With modern pedal harps,Footnote 5 such as the one used in the recording, the string tension is much higher and the instrument body larger, permitting a heavier attack on the strings that then elicits more volume. Whether due to the harp itself or her technique, O'Brien's sound, especially in the lower register, tends to be quite robust; in the opening of Hindemith's Sonata, for example, that heaviness leads to a sense of gravitas (whether or not that was her interpretive choice). In contrast, she maintains the historical sonic integrity of the upper register of the harp extremely well – particularly evident in the sparkling ‘Toccata’ from Sonatina Prodigio, which she executes with elan and enviable technical fluidity.
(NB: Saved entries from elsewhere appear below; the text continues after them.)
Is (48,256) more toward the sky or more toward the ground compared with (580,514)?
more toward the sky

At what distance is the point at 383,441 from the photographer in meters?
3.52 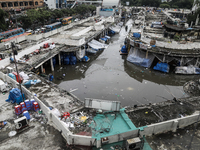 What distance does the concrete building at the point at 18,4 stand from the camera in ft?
151

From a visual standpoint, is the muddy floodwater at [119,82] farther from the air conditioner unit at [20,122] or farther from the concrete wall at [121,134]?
the air conditioner unit at [20,122]

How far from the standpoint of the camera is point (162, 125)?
10.1 meters

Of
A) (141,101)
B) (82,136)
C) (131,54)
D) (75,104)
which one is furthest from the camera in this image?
(131,54)

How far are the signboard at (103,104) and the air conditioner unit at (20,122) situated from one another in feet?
13.8

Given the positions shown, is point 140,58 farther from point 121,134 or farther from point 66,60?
point 121,134

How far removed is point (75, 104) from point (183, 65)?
19026 mm

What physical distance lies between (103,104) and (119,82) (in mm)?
10020

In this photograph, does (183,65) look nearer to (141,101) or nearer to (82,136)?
(141,101)

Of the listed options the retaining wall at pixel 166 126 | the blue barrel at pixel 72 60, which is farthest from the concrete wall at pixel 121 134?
the blue barrel at pixel 72 60

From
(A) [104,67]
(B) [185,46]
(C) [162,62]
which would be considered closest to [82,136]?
(A) [104,67]

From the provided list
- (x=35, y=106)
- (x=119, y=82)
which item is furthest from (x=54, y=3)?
(x=35, y=106)

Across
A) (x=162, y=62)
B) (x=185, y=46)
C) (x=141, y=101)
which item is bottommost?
(x=141, y=101)

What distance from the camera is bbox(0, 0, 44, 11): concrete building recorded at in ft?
151

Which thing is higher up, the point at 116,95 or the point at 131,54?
the point at 131,54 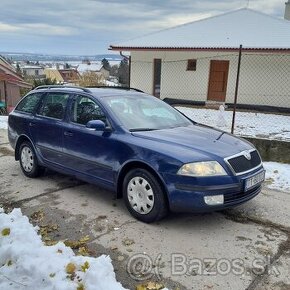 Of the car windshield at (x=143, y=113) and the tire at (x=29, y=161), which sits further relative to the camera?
the tire at (x=29, y=161)

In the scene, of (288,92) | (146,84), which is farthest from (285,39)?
(146,84)

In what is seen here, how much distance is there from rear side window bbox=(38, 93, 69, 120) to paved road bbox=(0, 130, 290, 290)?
1127 millimetres

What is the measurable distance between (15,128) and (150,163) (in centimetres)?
326

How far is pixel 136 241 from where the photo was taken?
13.4 feet

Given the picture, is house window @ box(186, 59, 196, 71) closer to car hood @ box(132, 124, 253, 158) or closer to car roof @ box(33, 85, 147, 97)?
car roof @ box(33, 85, 147, 97)

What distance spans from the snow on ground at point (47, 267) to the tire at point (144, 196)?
1.03 meters

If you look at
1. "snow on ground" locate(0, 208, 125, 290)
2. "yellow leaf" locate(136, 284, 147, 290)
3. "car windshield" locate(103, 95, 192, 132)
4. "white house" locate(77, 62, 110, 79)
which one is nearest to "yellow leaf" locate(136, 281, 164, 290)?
"yellow leaf" locate(136, 284, 147, 290)

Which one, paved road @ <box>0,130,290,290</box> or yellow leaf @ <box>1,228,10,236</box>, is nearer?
paved road @ <box>0,130,290,290</box>

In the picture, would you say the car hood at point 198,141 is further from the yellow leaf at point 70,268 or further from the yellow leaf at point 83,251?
the yellow leaf at point 70,268

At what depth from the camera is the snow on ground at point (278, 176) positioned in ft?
20.3

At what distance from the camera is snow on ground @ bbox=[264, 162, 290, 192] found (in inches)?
243

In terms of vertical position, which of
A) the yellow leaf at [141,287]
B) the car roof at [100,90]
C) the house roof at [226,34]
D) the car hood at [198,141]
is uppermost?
the house roof at [226,34]

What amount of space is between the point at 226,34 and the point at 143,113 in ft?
45.9

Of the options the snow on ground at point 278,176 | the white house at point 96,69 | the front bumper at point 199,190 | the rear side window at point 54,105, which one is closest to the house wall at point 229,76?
the snow on ground at point 278,176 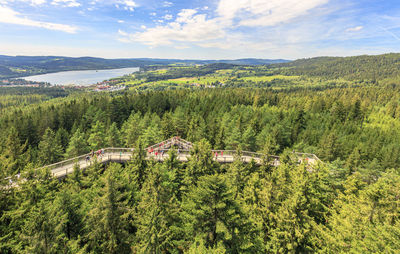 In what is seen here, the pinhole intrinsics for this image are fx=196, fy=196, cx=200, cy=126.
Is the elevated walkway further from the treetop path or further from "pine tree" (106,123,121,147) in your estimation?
"pine tree" (106,123,121,147)

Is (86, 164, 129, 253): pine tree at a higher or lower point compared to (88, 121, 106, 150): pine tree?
higher

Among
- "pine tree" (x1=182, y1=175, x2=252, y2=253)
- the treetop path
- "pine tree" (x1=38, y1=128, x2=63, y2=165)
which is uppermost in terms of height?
"pine tree" (x1=182, y1=175, x2=252, y2=253)

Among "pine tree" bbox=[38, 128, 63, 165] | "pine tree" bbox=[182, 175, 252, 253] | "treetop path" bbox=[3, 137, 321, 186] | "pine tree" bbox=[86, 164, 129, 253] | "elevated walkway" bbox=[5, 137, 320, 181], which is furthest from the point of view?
"pine tree" bbox=[38, 128, 63, 165]

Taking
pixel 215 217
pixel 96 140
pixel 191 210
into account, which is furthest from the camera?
pixel 96 140

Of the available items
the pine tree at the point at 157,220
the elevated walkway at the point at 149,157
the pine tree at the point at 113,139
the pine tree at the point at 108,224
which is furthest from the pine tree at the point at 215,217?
the pine tree at the point at 113,139

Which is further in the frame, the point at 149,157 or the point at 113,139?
the point at 113,139

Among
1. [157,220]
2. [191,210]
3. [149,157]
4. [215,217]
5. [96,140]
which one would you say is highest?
[215,217]

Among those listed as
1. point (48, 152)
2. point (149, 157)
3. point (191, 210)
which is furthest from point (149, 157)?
point (48, 152)

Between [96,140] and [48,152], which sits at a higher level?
[96,140]

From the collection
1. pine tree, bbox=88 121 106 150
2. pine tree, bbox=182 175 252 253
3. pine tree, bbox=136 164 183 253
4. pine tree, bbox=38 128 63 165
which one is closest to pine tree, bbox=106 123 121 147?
pine tree, bbox=88 121 106 150

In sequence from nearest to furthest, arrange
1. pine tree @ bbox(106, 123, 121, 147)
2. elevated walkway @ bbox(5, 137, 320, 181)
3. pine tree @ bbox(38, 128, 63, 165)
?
elevated walkway @ bbox(5, 137, 320, 181)
pine tree @ bbox(38, 128, 63, 165)
pine tree @ bbox(106, 123, 121, 147)

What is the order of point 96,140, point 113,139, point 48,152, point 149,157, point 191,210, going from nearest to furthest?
point 191,210
point 149,157
point 48,152
point 96,140
point 113,139

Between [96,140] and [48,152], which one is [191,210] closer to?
[96,140] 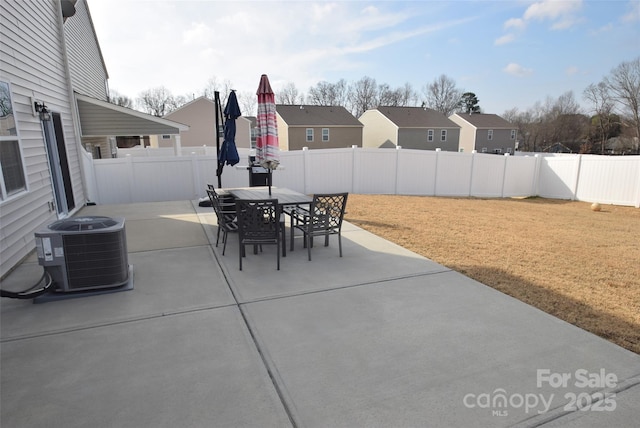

O'Brien rounds out this feast of sound with three lesser-known impromptus by French composers Jean Cras and Guy Ropartz and Spanish composer Joaquin Rodrigo. Cras's Deux impromptus (1925) is a set of contrasting movements, much like the Sarabande e toccata by Rota also present in this album. Cras presents the first movement as a languorous display of the harp at its most sonorous and the second movement, a technical whirlwind inspired the capricious movement of water. Ropartz's luscious Impromptu (1927) invokes the compositional style of Claude Debussy, and, like fellow Breton Cras, he was influenced by the folk music of Brittany. Finally, the Impromptu (1959) by Rodrigo, another composer heavily inspired by folk traditions (for him, of Spain), is the most ruminative and delicately textured of the seven impromptus. Set between the intellectualism of Hindemith's Sonata and the grandiosity of Glière's Impromptu, Rodrigo's Impromptu is a delightful palate cleanser, like a spring rainfall ending with a burst of sunlight.Footnote 6
For listeners unfamiliar with original harp repertoire, O'Brien's Impromptu offers the opportunity to hear the harp played masterfully, with the range and depth that comes from years of a harpist familiarizing herself with the sound world of this instrument. Through an eclectic collection of standard and uncommon repertoire, she seeks to present the harp in its natural, impromptu state – absent of contrived techniques or mechanical interventions. As a result, during the last ascent in Fauré's Impromptu that mark the final moments of the album, it no longer matters that the harp is a fussy, unwieldy gilded thing; all that one hears is its glorious, clarion sound.